Князь кричит: «Иван Северьяныч!» А я откликаюсь: «Сейчас!» – а сам лазию во все
стороны и все не найду края, и, наконец, думаю: ну, если слезть нельзя, так я
же спрыгну, и размахнулся да как сигану как можно дальше, и чувствую, что меня
будто что по морде ударило и вокруг меня что-то звенит и сыпется, и сзади тоже
звенит и опять сыпется, и голос князя говорит денщику: «Давай огня скорей!»
А я стою, не трогаюсь, потому что не знаю, наяву или во сне
я все это над собою вижу, и полагаю, что я все ещё на конике до края не достиг;
а наместо того, как денщик принёс огонь, я вижу, что я на полу стою, мордой в
хозяйскую горку с хрусталём запрыгнул и поколотил все…
– Как же вы это так заблудились?
– Очень просто: думал, что я, по всегдашнему своему
обыкновению, на конике сплю, а я, верно, придя от цыган, прямо на пол лёг, да
все и ползал, края искал, а потом стал прыгать… и допрыгал до горки. Блуждал,
потому этот… магнетизёр, он пьяного беса от меня свёл, а блудного при мне
поставил… Я тут же и вспомнил его слова, что он говорил: «как бы хуже не было,
если питьё бросить», – и пошёл его искать – хотел просить, чтобы он лучше
меня размагнетизировал на старое, но его не застал. Он тоже много на себя
набрал и сам не вынес, и тут же, напротив цыганов, у шинкарки так напился, что
и помер.
– А вы так и остались замагнетизированы?
– Так и остался-с.
– И долго же на вас этот магнетизм действовал?
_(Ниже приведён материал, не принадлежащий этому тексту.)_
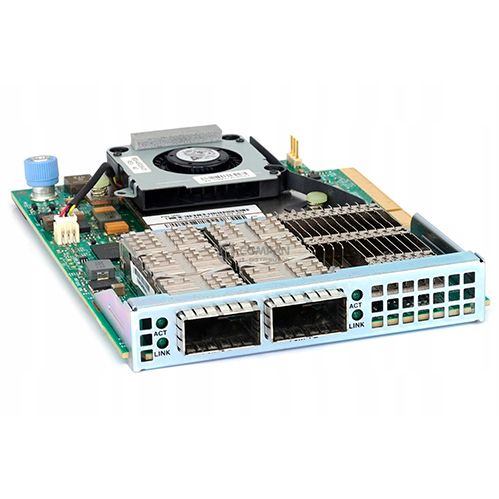 Сетевая карта Cisco UCSC-MLOM-C40Q-03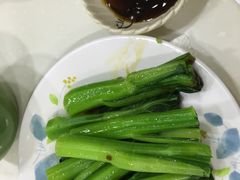 -麦文记面家(佐敦店)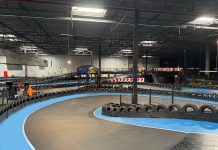 Na ruim 30 jaar valt het doek voor Race Planet Amsterdam
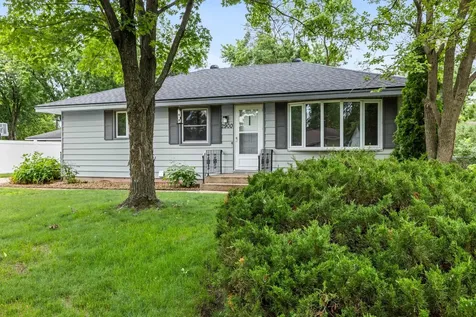 2900 115th Lane NW Coon Rapids MN 55433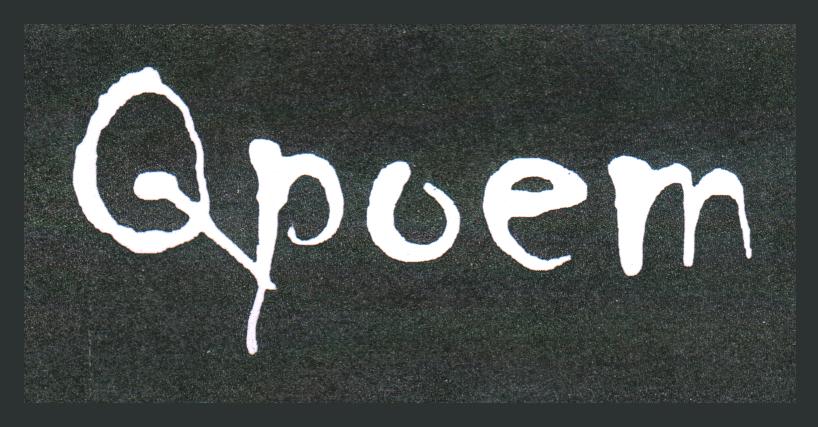 QPOEM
– Отчего же долго ли? он, может быть, и посейчас
действует.
– А все-таки интересно знать, как же вы с князем-то?..
Неужто так и объяснения у вас никакого не было за лебедей?
– Нет-с, объяснение было, только не важное. Князь тоже
приехал проигравшись и на реванж у меня стал просить. Я говорю:
«Ну уже это оставьте: у меня ничего денег нет».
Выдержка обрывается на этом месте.